Data shown:
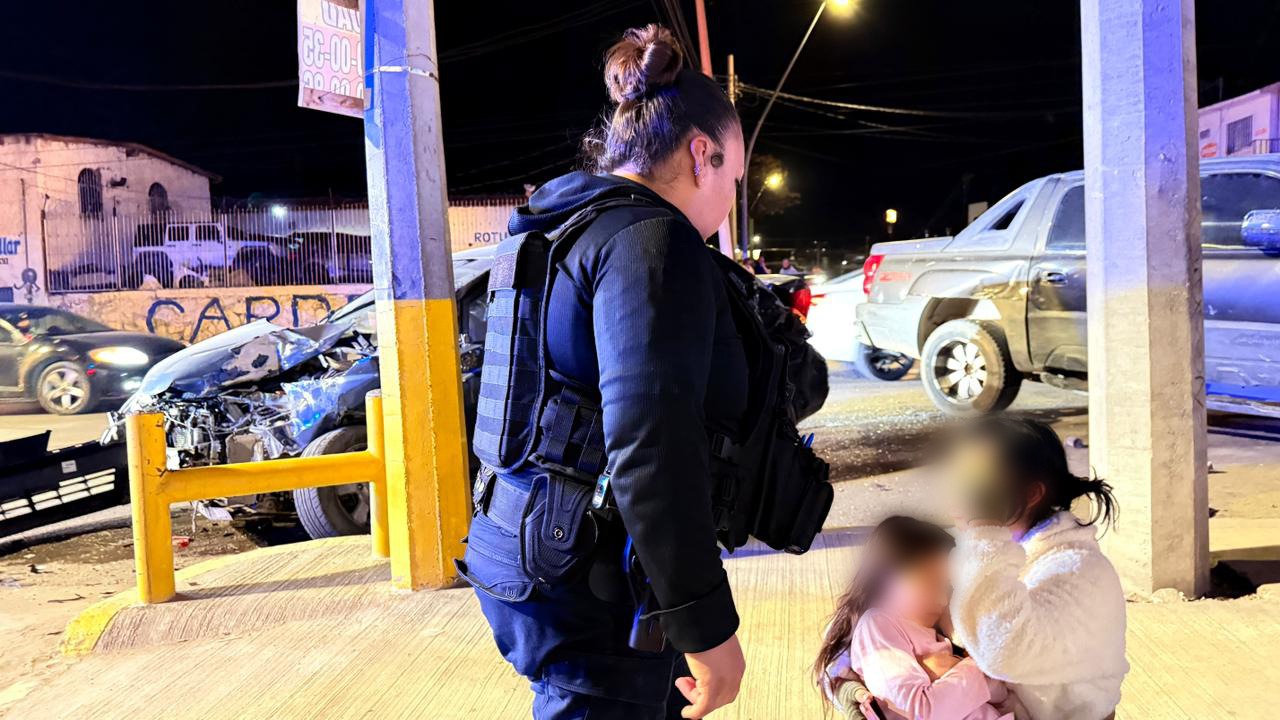 Auxilian policías a niña atrapada en vehículo tras percance vial.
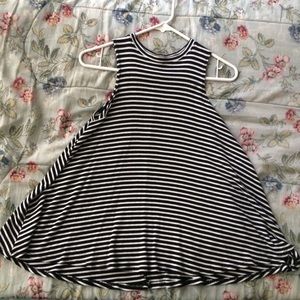 🌻Long Black White Striped Sleeveless Dress Top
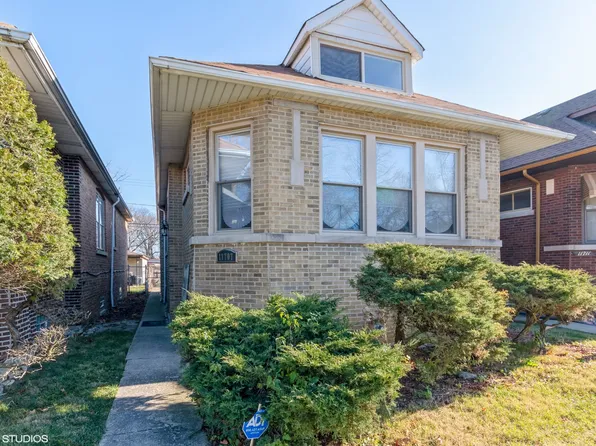 11707 S Hale Ave, Chicago, IL 60643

Task prompt: The answer is the whole listing above, written out verbatim, without its pictures.

Response to the exercise:
 Auxilian policías a niña atrapada en vehículo tras percance vial.
 🌻Long Black White Striped Sleeveless Dress Top
 11707 S Hale Ave, Chicago, IL 60643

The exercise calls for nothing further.